Provided records START
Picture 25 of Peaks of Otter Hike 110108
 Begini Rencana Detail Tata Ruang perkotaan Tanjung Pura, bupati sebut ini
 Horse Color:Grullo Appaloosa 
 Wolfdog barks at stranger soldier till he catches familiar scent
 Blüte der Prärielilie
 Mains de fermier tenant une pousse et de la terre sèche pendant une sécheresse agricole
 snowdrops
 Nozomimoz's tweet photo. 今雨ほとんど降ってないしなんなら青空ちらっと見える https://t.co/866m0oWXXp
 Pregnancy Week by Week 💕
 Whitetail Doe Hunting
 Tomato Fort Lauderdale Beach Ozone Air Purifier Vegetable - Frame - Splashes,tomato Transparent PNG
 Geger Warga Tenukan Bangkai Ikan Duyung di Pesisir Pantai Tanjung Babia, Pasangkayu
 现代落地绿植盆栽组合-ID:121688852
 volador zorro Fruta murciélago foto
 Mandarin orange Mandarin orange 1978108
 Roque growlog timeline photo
Provided records END
→ **Instructions for the task**
Lines in the data that hold "photo" are to be counted, and the number alone reported.

→ **Result below**
2